The Congressional Budget Office estimated the impact of the effort to defund Planned Parenthood through the ACA repeal bill, projecting that 15 percent of people in areas served primarily by the group and affiliated clinics would lose access to "services that help women avert pregnancies."

Those populations' access to care worries legislators in Nevada, where a measure separate from Cancela's bill would also codify Affordable Care Act women's health protections into state law, then go a step further by requiring insurers to cover birth-control prescriptions good for a full year instead of the typical three months.

In Oregon, where the full-year provision is already law, Democrats seem likely to succeed in mandating that insurers cover contraceptive care and — unlike most taxpayer-funded programs — abortion services at no out-of-pocket cost.

"We got this bill up and running when we figured Hillary Clinton would be president, though Trump made it much more urgent," said state Representative Jeff Barker, a Democrat pushing the measure.
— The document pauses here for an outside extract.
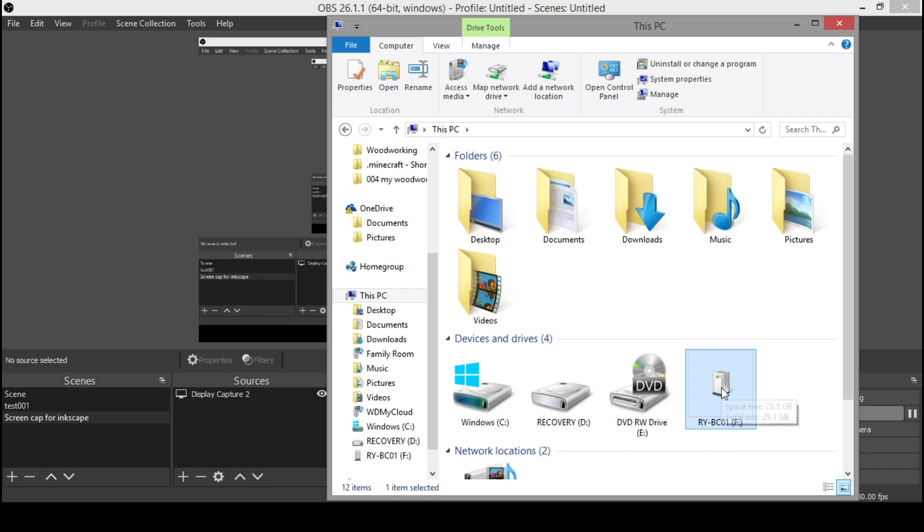RybCO1 file. So if it doesn't automatically pop up, you can just come here. It is roughly about 29 gigabytes of space. So you got about a 30 gig onboard chip in there.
READ MORE: 'I just feel terrified': Women pour support toward Planned Parenthood after Trump's victory

The landscape surrounding abortion is less politically fraught in left-leaning Oregon than in other states, Barker acknowledged. He emphasized the importance of covering abortion services despite fears that insurance providers would effectively price them into all plans, even those to employers requesting exemptions on religious grounds.

"If a woman — take a lower-income woman who has insurance with a $1,500 deductible — she needs an abortion, she can't get one because she doesn't have the $400 or $500," Barker said. "We want to be sure that everybody has access to all reproductive care. … We all pay insurance premiums to go to something we don't need."
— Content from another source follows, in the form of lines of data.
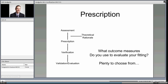The last component of our model is validation and evaluation. At this stage we ask: what outcome measures do you use to evaluate your fitting? In our lab we focus on consonant identification primarily in noise using a test called the UWO DFD, the Words in Noise test, QuickSIN, and aided loudness. There are many tests to choose from. I want to focus on the ongoing study around prescription, verification, and the speech intelligibility index.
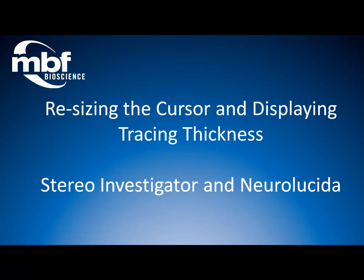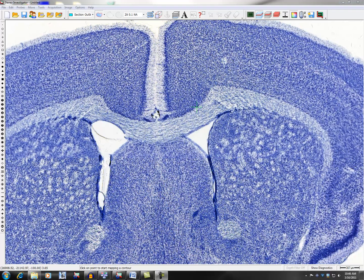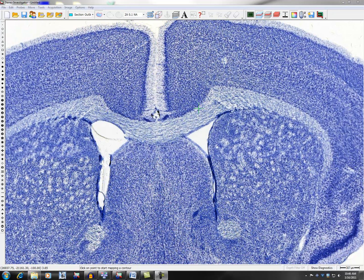Resizing the cursor and displaying tracing thickness in Stereo Investigator and Neurolucida version 10. Displaying tracing thickness is useful when your contour changes in size, for example when tracing neurons.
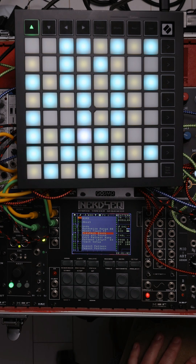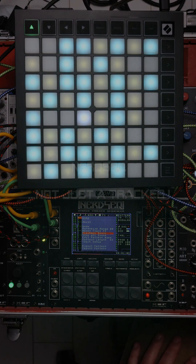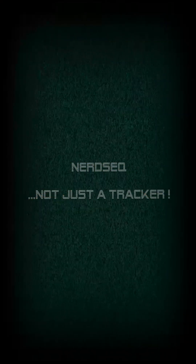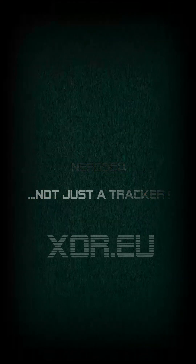If the new order sounds better than the original, you can create a new pattern out of it by pressing Shift and OK. Now you know.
Oregon's bill also finds a way around federal regulations preventing some payments to some non-citizens and undocumented immigrants, guaranteeing benefits regardless of immigration status.

There is precedent for what happens when funding for family planning is cut, according to Audrey Sandusky, the director of advocacy and communications at the National Family Planning and Reproductive Health Association.

She pointed to Christie's actions in New Jersey, which came amid a recession but also bucked a trend of advancements in reproductive health spearheaded by the ACA.

From 2009 to 2015, the state saw a 35 percent increase in bacterial cases of sexually transmitted disease — a trend that began before the nation's STD rate began to increase. The changes disproportionately affected women of color, too: The uptick in breast and cervical cancer cases among Latina women in New Jersey, at 25.1 percent, was nearly five times higher than for women overall in the state.

Those numbers, say advocates of family planning and preventive care, should speak for themselves. The question is simply how many states are willing to listen.